Materialize Logo

CREATE SOURCE: CSV from an S3 bucket

CREATE SOURCE connects Materialize to an external data source and lets you interact with its data as if the data were in a SQL table.

This document details how to connect Materialize to an S3 Bucket that contains multiple objects, and to listen for new object creation. Each S3 object can contain multiple records serialized as CSV, separated by newlines.

Conceptual framework

Sources represent connections to resources outside Materialize that it can read data from. For more information, see API Components: Sources.

Syntax

CREATE MATERIALIZED SOURCE IF NOT EXISTS src_name ( col_name , ) , key_constraint FROM S3 DISCOVER OBJECTS MATCHING pattern USING BUCKET SCAN bucket_name SQS NOTIFICATIONS queue_name , COMPRESSION NONE GZIP WITH ( region = region aws_credentials ) FORMAT CSV WITH column_count COLUMNS

key_constraint

PRIMARY KEY ( col_name , ) NOT ENFORCED
Field Use
MATERIALIZED Materializes the source’s data, which retains all data in memory and makes sources directly selectable. For more information, see Materialized source details.
src_name The name for the source, which is used as its table name within SQL.
col_name Override default column name with the provided identifier. If used, a col_name must be provided for each column in the created source.
DISCOVER OBJECTS Describes how to discover keys to download. See Object discovery strategies.
BUCKET SCAN bucket_name Materialize will scan the bucket to find the set of objects to download.
SQS NOTIFICATIONS queue_name Materialize will subscribe to the specified queue and download new objects. See Listening to SQS notifications.
MATCHING pattern A glob-style pattern to filter objects to ingest. See Patterns. Default is to ingest all objects.
COMPRESSION algorithm The compression algorithm used to decode downloaded objects. See Compression.
WITH ( option_list ) Options affecting source creation. For more detail, see WITH options.
HEADER Treat the first line of the CSV file as a header. See CSV format details.
n COLUMNS Format the source’s data as a CSV with n columns. See CSV format details.
DELIMITED BY char Delimit the CSV by char. ASCII comma by default (','). This must be an ASCII character; other Unicode code points are not supported.
ENVELOPE NONE (Default) Use an append-only envelope. This means that records will only be appended and cannot be updated or deleted.
PRIMARY KEY ( col_list ) NOT ENFORCED Declare a set of columns as a primary key. For more information, see Key constraint details.

WITH options

The following options are valid within the WITH clause.

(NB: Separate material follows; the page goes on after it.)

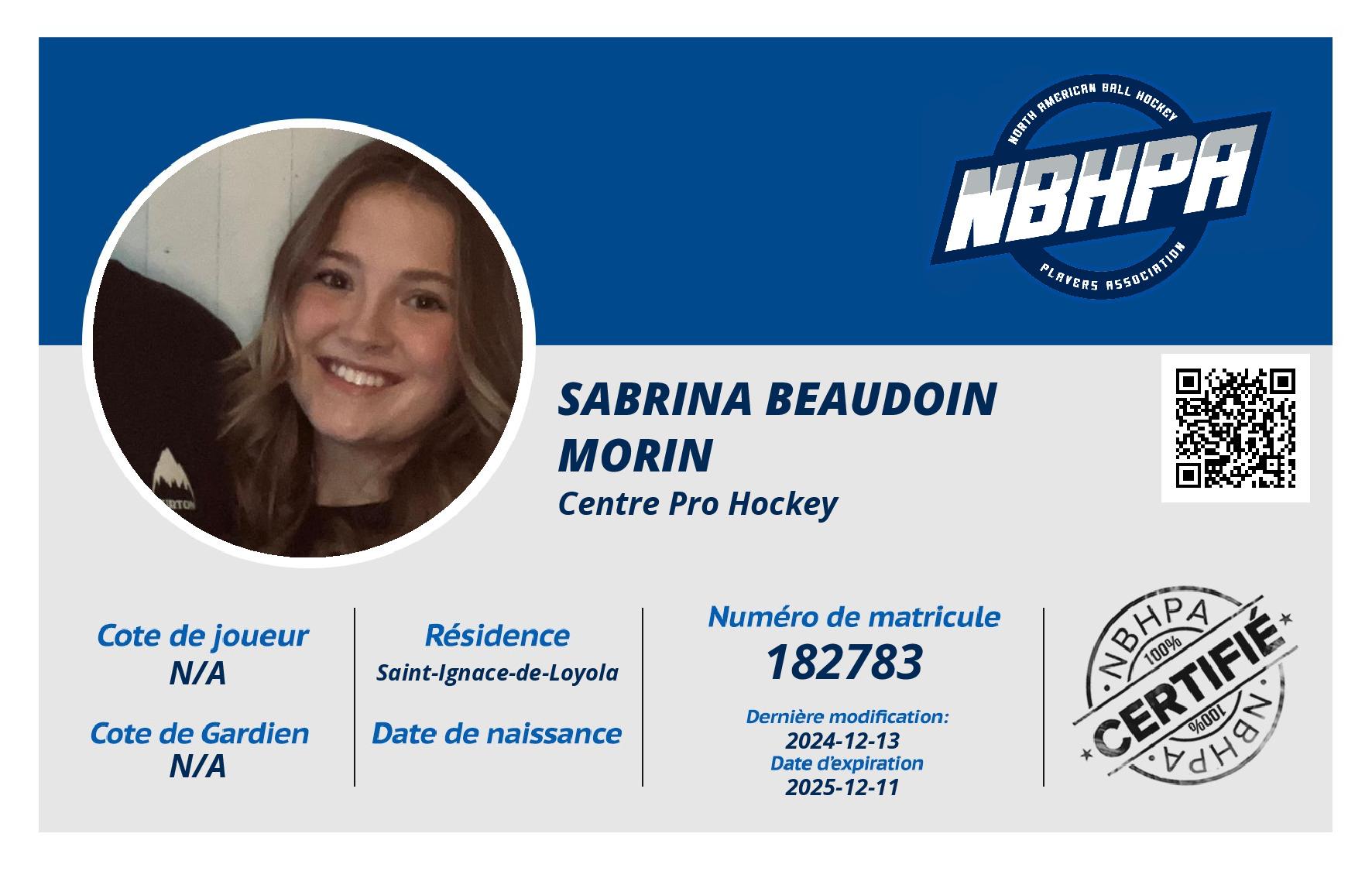 Sabrina Beaudoin Morin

Field Value type Description
region text required A valid AWS region.

AWS Credentials WITH options

Field Value Description
access_key_id text A valid access key ID for the AWS resource.
secret_access_key text A valid secret access key for the AWS resource.
token text The session token associated with the credentials, if the credentials are temporary

If you do not provide credentials via with options then materialized will examine the standard AWS authorization chain:

  1. Environment variables: AWS_ACCESS_KEY_ID and AWS_SECRET_ACCESS_KEY
  2. credential_process command in the AWS config file, usually located at ~/.aws/config.
  3. AWS credentials file. Usually located at ~/.aws/credentials.
  4. IAM instance profile. Will only work if running on an EC2 instance with an instance profile/role.

Credentials fetched from a container or instance profile expire on a fixed schedule. Materialize will attempt to refresh the credentials automatically before they expire, but the source will become inoperable if the refresh operation fails.

Permissions Required

The IAM User or Role used by materialized requires permission to perform different AWS actions depending on which actions are required to discover the list of objects to download.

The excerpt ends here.